Please repeat every record below exactly as written, but leave out the pictures.

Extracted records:
>>>>

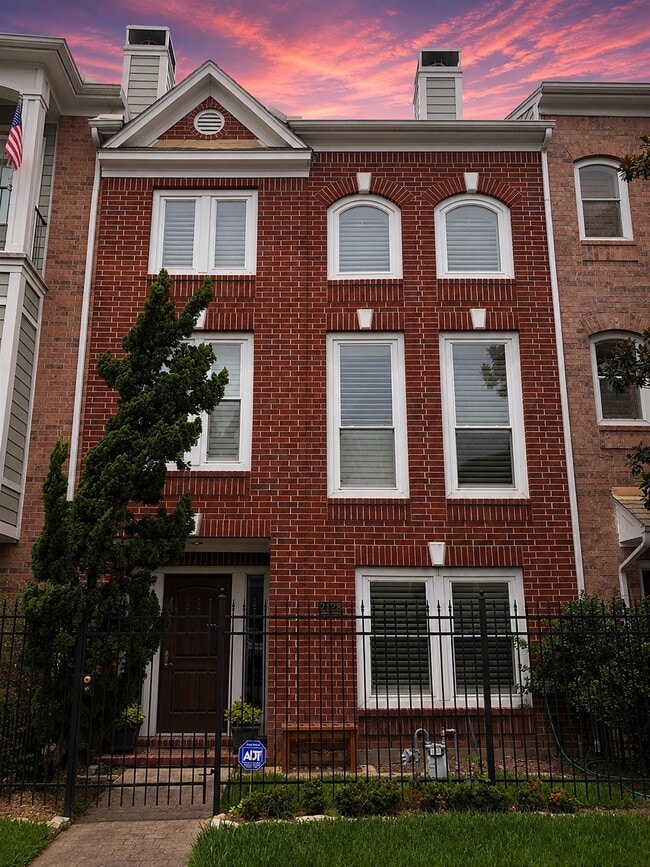Building Photo - 2128 Gillette St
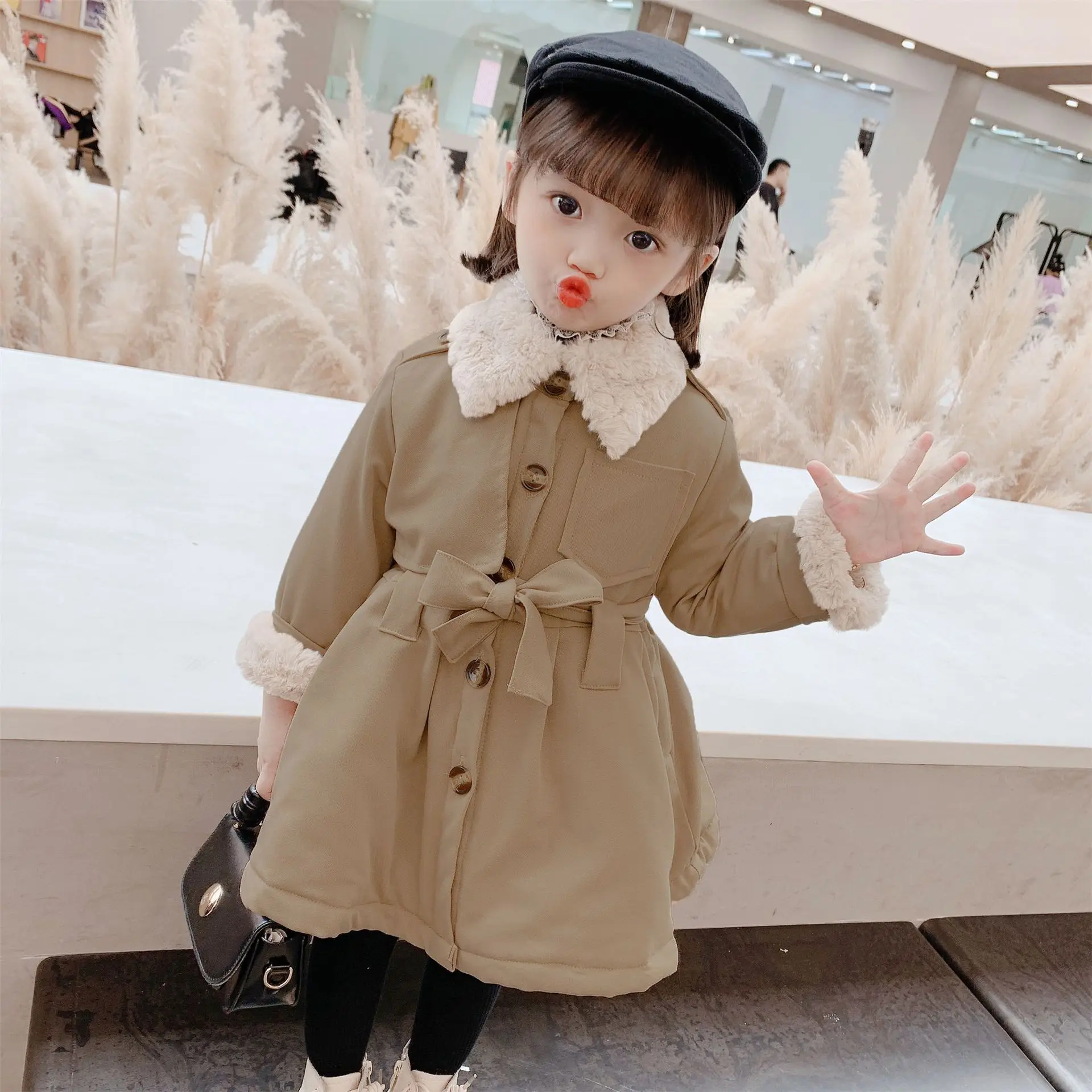 Elegant Bowknot Coat Winter Spring Warm Girls Kids Plus Velvet Toddler Teens Tops Thicken Children Outwear School High Quality
Elegant Bowknot Coat Winter Spring Warm Girls Kids Plus Velvet Toddler Teens Tops Thicken Children Outwear School High Quality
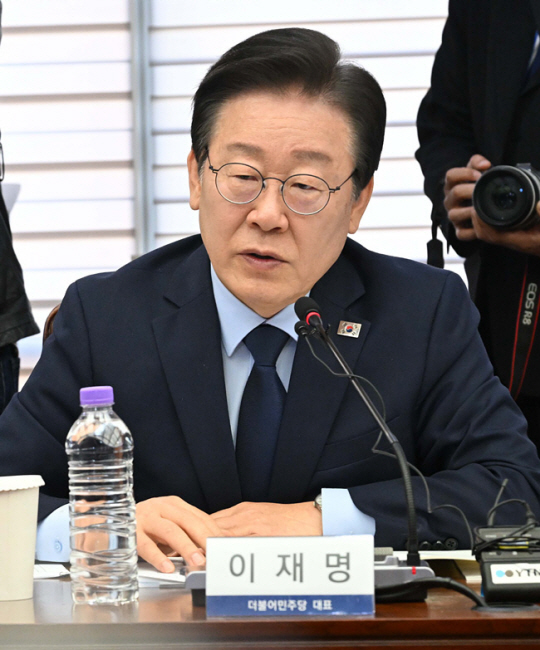 이재명 더불어민주당 대표가 11일 오전 서울 마포구 경총회관에서 열린 간담회에서 발언하고 있다. 뉴시스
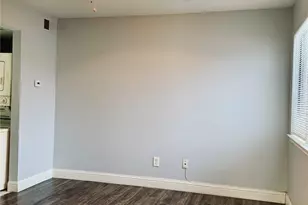 2300 Balsam Dr, Arlington, TX 76006 - Photo 12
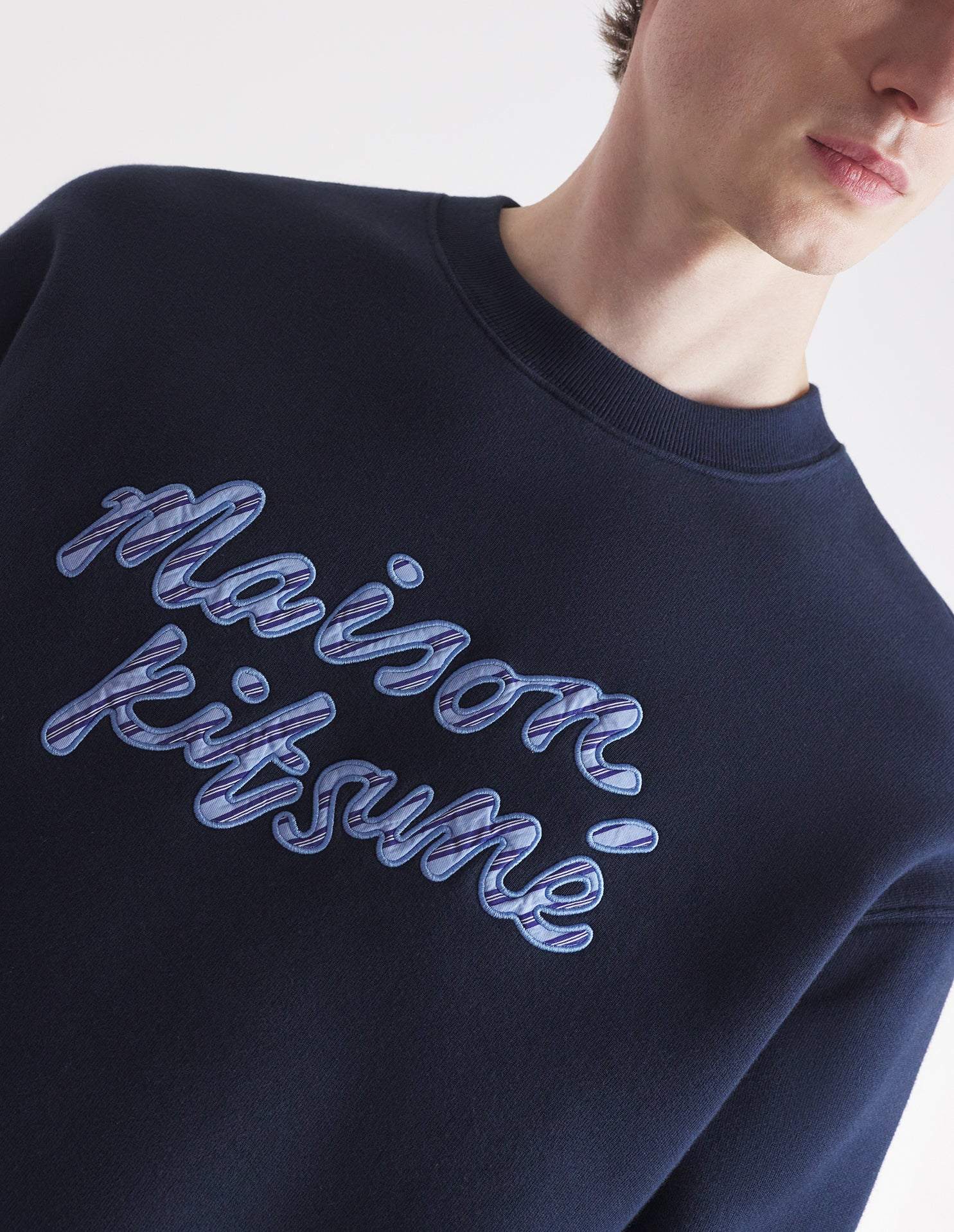 Round-neck sweatshirt with embroidered logo on front - Navy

<<<<

## YOUR SOLUTION
Building Photo - 2128 Gillette St
 Elegant Bowknot Coat Winter Spring Warm Girls Kids Plus Velvet Toddler Teens Tops Thicken Children Outwear School High Quality
Elegant Bowknot Coat Winter Spring Warm Girls Kids Plus Velvet Toddler Teens Tops Thicken Children Outwear School High Quality
 이재명 더불어민주당 대표가 11일 오전 서울 마포구 경총회관에서 열린 간담회에서 발언하고 있다. 뉴시스
 2300 Balsam Dr, Arlington, TX 76006 - Photo 12
 Round-neck sweatshirt with embroidered logo on front - Navy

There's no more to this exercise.